La photo d'ambiance : celle que vous réussirez à coup sûr
Les images les plus mémorables des éclipses de 2017, de 2024 et du 12 août dernier ne montrent pas un gros plan du Soleil : elles montrent la scène. L'obscurité qui tombe en plein jour, les lampadaires qui s'allument, l'horizon orangé à 360 degrés, les silhouettes immobiles, lunettes sur le nez, la lumière métallique si particulière des minutes qui précèdent la totalité. Tout cela, votre smartphone le capture magnifiquement, car c'est exactement ce pour quoi il est conçu.

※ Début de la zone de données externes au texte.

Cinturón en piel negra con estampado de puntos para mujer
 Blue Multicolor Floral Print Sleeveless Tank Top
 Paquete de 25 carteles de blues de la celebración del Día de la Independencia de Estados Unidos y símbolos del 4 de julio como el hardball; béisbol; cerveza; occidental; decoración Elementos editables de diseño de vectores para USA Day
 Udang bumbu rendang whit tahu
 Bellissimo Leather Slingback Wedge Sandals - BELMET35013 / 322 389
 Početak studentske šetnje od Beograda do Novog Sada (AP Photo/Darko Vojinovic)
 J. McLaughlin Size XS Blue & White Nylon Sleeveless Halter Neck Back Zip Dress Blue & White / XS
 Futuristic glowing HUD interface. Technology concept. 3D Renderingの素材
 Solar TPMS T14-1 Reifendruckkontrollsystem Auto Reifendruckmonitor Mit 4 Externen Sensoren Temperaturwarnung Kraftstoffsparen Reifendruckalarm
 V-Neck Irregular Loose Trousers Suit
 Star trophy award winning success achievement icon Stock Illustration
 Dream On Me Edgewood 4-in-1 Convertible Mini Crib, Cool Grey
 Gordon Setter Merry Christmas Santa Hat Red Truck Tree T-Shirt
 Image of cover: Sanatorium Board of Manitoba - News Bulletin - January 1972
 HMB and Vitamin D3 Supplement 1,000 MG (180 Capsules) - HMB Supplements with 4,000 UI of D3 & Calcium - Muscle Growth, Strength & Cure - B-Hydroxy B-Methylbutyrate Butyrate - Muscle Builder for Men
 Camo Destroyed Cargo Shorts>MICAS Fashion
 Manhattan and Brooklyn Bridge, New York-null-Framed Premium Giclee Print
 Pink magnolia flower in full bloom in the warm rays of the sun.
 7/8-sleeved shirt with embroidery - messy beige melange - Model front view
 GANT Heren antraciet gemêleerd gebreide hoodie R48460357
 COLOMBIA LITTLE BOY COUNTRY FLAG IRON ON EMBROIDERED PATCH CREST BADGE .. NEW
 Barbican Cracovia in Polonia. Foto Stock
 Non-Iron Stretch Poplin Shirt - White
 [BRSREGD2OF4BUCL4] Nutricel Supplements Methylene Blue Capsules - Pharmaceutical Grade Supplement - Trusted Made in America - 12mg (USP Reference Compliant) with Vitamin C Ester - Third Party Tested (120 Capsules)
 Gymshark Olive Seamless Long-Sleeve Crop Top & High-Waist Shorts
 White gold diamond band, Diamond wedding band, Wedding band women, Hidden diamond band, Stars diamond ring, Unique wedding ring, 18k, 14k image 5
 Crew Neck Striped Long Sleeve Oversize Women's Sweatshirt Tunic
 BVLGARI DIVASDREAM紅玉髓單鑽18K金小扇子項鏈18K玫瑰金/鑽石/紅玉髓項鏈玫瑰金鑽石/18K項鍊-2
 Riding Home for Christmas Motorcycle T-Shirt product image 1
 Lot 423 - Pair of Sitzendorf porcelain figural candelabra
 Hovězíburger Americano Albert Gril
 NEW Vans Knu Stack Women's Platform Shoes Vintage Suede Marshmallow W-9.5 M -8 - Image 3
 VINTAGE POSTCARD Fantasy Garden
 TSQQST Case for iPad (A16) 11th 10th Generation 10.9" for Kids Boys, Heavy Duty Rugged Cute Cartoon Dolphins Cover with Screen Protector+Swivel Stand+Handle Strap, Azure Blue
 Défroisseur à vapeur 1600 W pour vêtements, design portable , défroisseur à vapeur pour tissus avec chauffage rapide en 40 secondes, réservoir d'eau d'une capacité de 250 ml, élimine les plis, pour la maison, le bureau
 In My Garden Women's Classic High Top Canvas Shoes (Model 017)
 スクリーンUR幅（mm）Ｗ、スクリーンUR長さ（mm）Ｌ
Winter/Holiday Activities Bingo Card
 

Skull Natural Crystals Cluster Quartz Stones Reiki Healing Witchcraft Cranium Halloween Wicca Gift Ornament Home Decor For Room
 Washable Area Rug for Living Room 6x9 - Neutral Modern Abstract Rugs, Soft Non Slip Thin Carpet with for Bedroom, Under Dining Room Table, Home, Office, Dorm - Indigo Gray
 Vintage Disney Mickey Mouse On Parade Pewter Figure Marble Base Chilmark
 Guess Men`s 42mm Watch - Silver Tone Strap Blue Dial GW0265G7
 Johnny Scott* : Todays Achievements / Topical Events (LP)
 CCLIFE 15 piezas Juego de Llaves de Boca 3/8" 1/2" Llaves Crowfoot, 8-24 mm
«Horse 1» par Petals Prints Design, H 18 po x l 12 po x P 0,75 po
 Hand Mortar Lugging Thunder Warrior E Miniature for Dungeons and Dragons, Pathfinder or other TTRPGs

Pensez aussi aux images indirectes, accessibles même en dehors de la bande de totalité : les croissants de Soleil projetés au sol par le feuillage des arbres, l'image du Soleil éclipsé dans un sténopé en carton, l'ombre qui se déforme. Et si vous filmez, filmez la foule au moment où la totalité commence : le cri collectif qui monte à cet instant est un souvenir qu'aucune photo du disque ne remplacera.
Les erreurs classiques qui ruinent la photo
Elles se répètent à chaque éclipse, et elles sont toutes évitables :
- Le flash resté activé : inutile pour le Soleil, désastreux pour l'ambiance et pour les voisins. Coupez-le avant le jour J.
- Le tout-automatique : sans verrouillage d'exposition, le téléphone s'obstine à éclaircir la scène et détruit précisément l'obscurité que vous vouliez montrer.
- Le zoom numérique à fond, dont on a parlé : mieux vaut un plan large net qu'un gros plan en bouillie.
- Passer la totalité l'œil rivé sur l'écran : deux minutes passent terriblement vite. Préparez vos réglages avant, déclenchez quelques rafales, puis posez le téléphone et regardez. C'est le conseil que donnent tous les chasseurs d'éclipses expérimentés à ceux qui vivent leur première totalité.
- La batterie et le stockage négligés : entre la vidéo 4K et la rafale RAW, une éclipse dévore les gigaoctets. Téléphone chargé, espace libéré, mode avion pour économiser la batterie.
Votre plan d'action pour le 2 août 2027
Résumons sous forme de plan de bataille. Des semaines avant : achetez filtre et mini-trépied, testez le verrouillage d'exposition et le mode RAW sur la pleine Lune, excellent exercice grandeur nature. La veille : chargez tout, videz la mémoire, répétez la séquence filtre en place puis filtre retiré. Le jour J : photos filtrées pendant les phases partielles, toutes les 10 ou 15 minutes pour un montage en chapelet ; juste avant la totalité, filtre retiré, exposition ajustée, une ou deux rafales ; puis les yeux vers le ciel, parce que c'est quand même pour cela que vous êtes venu.
Et si malgré tout la photo est ratée ? Il restera les images d'ambiance, les croissants sous les arbres, les visages émerveillés. Une éclipse produit dix occasions de photos différentes, et le disque solaire n'est que la plus difficile d'entre elles. Les neuf autres sont à la portée de n'importe quel smartphone bien réglé.